EXCERPTED DATA: Begin
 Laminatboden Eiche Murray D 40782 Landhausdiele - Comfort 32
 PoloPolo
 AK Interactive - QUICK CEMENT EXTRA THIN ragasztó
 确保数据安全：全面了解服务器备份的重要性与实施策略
EXCERPTED DATA: End
EXCERPTED DATA: Begin
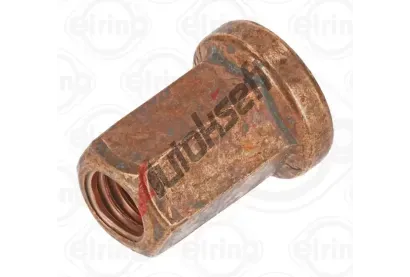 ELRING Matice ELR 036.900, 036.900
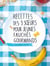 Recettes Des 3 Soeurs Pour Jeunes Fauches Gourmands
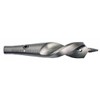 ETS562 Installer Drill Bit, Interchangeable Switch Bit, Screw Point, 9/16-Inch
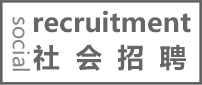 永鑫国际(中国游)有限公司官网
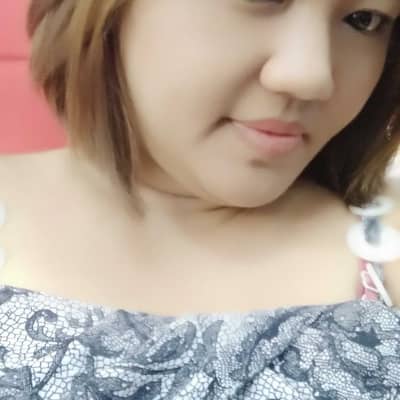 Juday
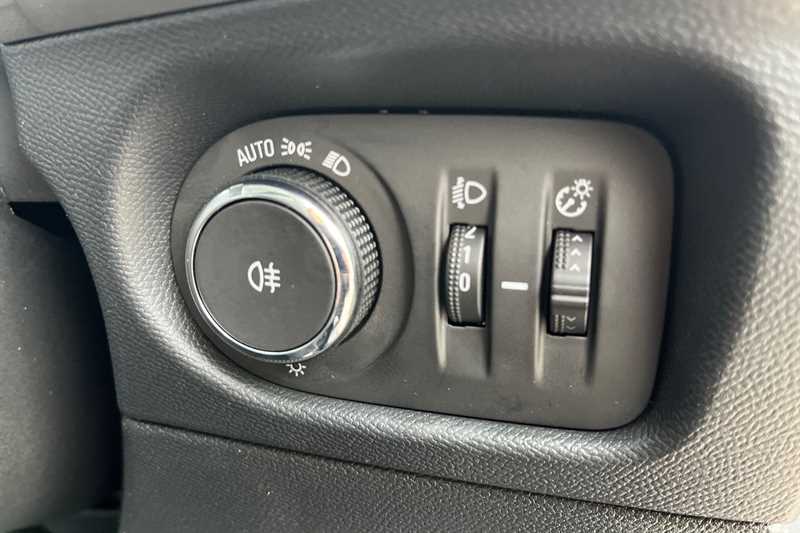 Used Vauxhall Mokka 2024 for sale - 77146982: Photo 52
EXCERPTED DATA: End
Within the material above, output exactly the lines from the one with "AK Interactive - QUICK" through the one with "确保数据安全：全面了解服务器备份的重要性与实施策略", end lines included, and nothing besides.

▸ ANSWER TO THE PROBLEM
 AK Interactive - QUICK CEMENT EXTRA THIN ragasztó
 确保数据安全：全面了解服务器备份的重要性与实施策略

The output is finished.